Department of Statistics, Colorado State University, 102 Statistics Building, Fort Collins, 80523, Colorado, USA.
Department of Biostatistics and Informatics, Colorado School of Public Health, Aurora, Colorado, USA.
BMC Med Res Methodol. 2024 Feb 8;24(1):30. doi: 10.1186/s12874-023-02139-5.
Rapidly developing tests for emerging diseases is critical for early disease monitoring. In the early stages of an epidemic, when low prevalences are expected, high specificity tests are desired to avoid numerous false positives. Selecting a cutoff to classify positive and negative test results that has the desired operating characteristics, such as specificity, is challenging for new tests because of limited validation data with known disease status.

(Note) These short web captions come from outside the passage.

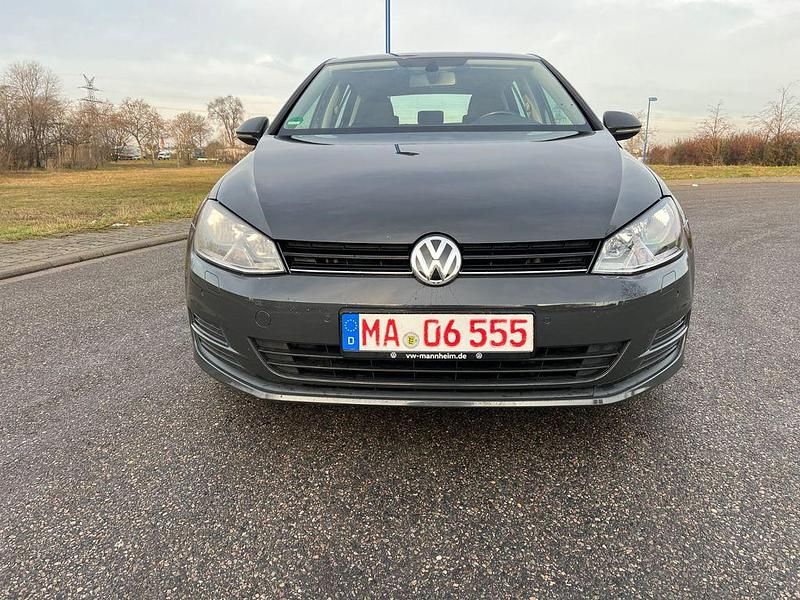 Grau Gebraucht 2013 VW Golf Comfortline Limousine | 8.950 € (Fairer Preis) - Bild 1/4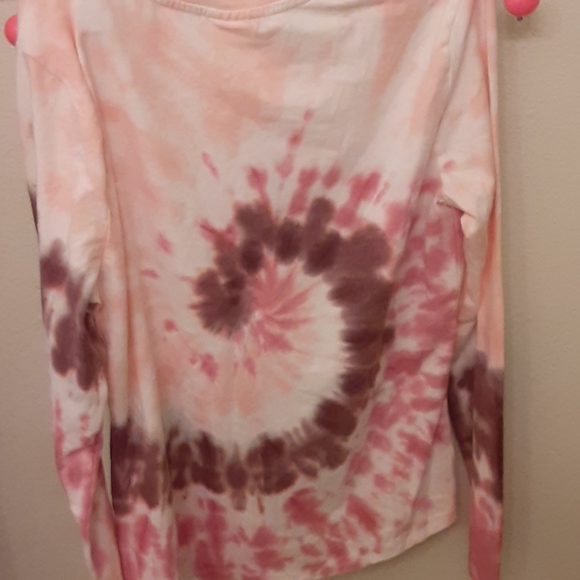 The dye shirt - Picture 3 of 4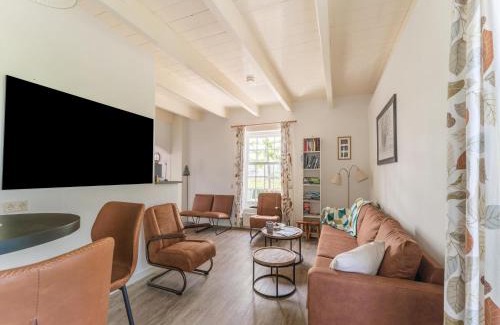 Montfoort House | Riverside Stay in Montfoort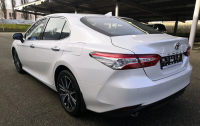 9 cons and 9 pros of the new Toyota Camry. Engine life, is it worth buying?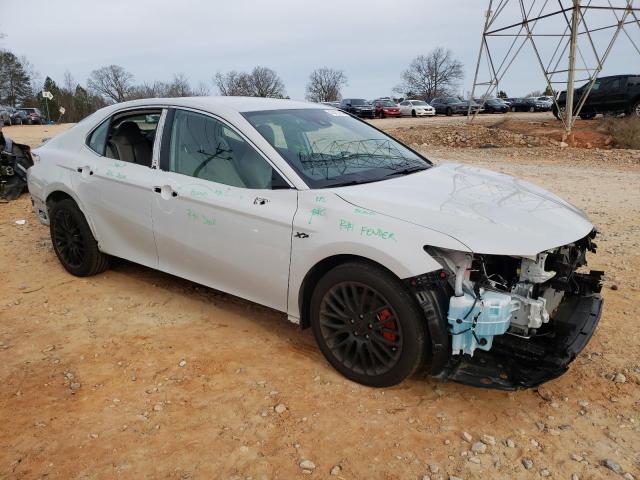 4T1G11AK6RU204806 - 2024 TOYOTA CAMRY SE NIGHT SHADE WHITE photo 4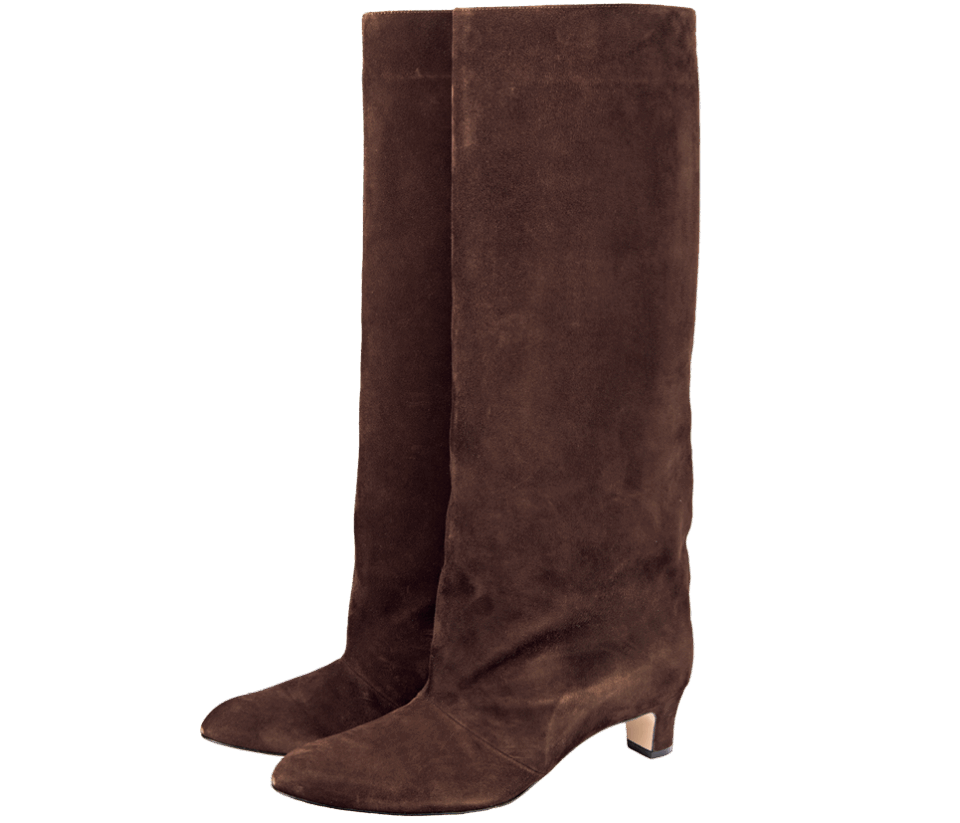 こっくりとしたスエードのブラウンが温かみたっぷり。太めの筒が美脚見えも叶える。ブーツ¥110,000（ネブローニ／アルアバイル）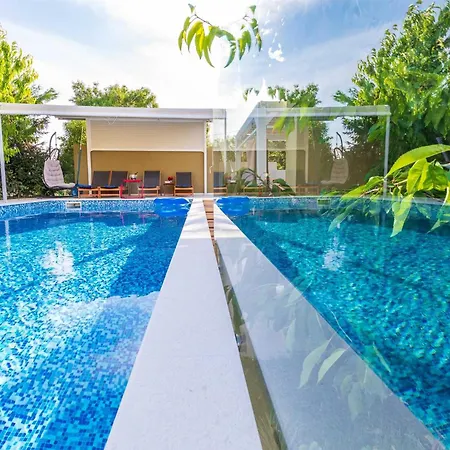 Field Hill With Swimming Pool And Tennis Court Βίλα Poljica-Brig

While there is ample statistical literature on estimating quantiles of a distribution, there is limited evidence on estimating extreme quantiles from limited validation data and the resulting test characteristics in the disease testing context.

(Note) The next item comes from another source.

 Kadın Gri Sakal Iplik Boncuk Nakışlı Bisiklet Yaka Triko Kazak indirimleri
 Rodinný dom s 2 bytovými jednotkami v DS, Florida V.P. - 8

We propose using extreme value theory to select a cutoff with predetermined specificity by fitting a Pareto distribution to the upper tail of the negative controls. We compared this method to five previously proposed cutoff selection methods in a data analysis and simulation study. We analyzed COVID-19 enzyme linked immunosorbent assay antibody test results from long-term care facilities and skilled nursing staff in Colorado between May and December of 2020.

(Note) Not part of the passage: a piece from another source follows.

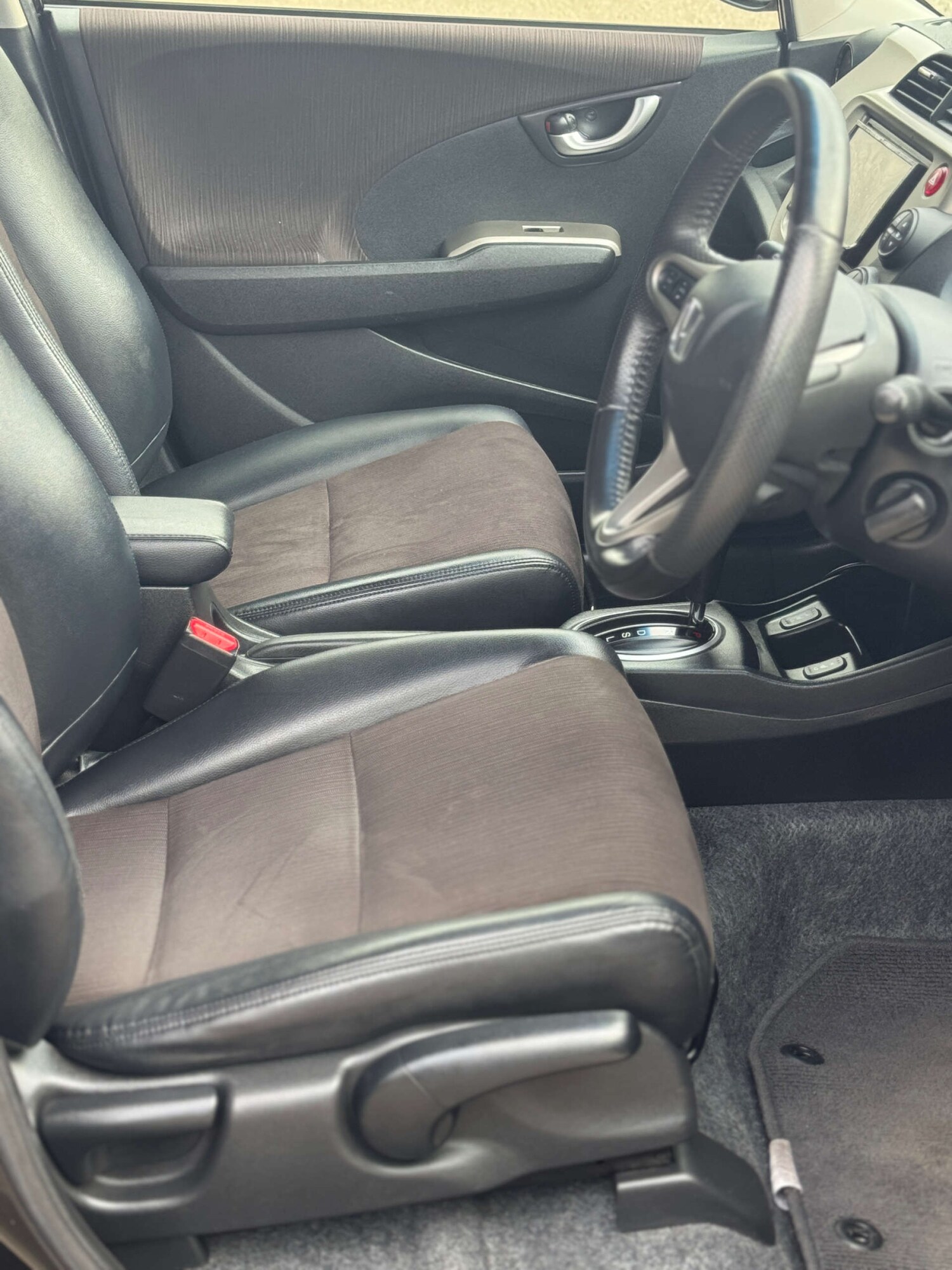 Used Honda Jazz 2013 for sale - 77712943: Photo 49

We found the extreme value approach had minimal bias when targeting a specificity of 0.995. Using the empirical quantile of the negative controls performed well when targeting a specificity of 0.95. The higher target specificity is preferred for overall test accuracy when prevalence is low, whereas the lower target specificity is preferred when prevalence is higher and resulted in less variable prevalence estimation.
While commonly used, the normal based methods showed considerable bias compared to the empirical and extreme value theory-based methods.
When determining disease testing cutoffs from small training data samples, we recommend using the extreme value based-methods when targeting a high specificity and the empirical quantile when targeting a lower specificity.
快速开发新兴疾病检测方法对于早期疾病监测至关重要。在疫情早期,预期流行率较低时,需要高特异性检测方法以避免大量假阳性。对于新的检测方法,由于具有已知疾病状态的验证数据有限,因此选择具有所需工作特性(如特异性)的分类阳性和阴性检测结果的截止值具有挑战性。虽然有大量关于估计分布分位数的统计文献,但在疾病检测背景下,从有限的验证数据和由此产生的测试特征中估计极值分位数的证据有限。
我们建议使用极值理论通过将帕累托分布拟合到阴性对照的上尾来选择具有预定特异性的截止值。我们在数据分析和模拟研究中比较了这种方法与五种以前提出的截止值选择方法。我们分析了 2020 年 5 月至 12 月科罗拉多州长期护理机构和熟练护理人员的 COVID-19 酶联免疫吸附测定抗体检测结果。
我们发现当目标特异性为 0.995 时,极值方法的偏差最小。当目标特异性为 0.95 时,使用阴性对照的经验分位数效果很好。当流行率较低时,较高的目标特异性更有利于总体测试准确性,而当流行率较高时,较低的目标特异性更有利于降低流行率估计的可变性。
虽然常用,但与基于经验和极值理论的方法相比,基于正态的方法存在相当大的偏差。
当从小的训练数据样本确定疾病检测截止值时,我们建议在目标特异性较高时使用基于极值的方法,在目标特异性较低时使用经验分位数。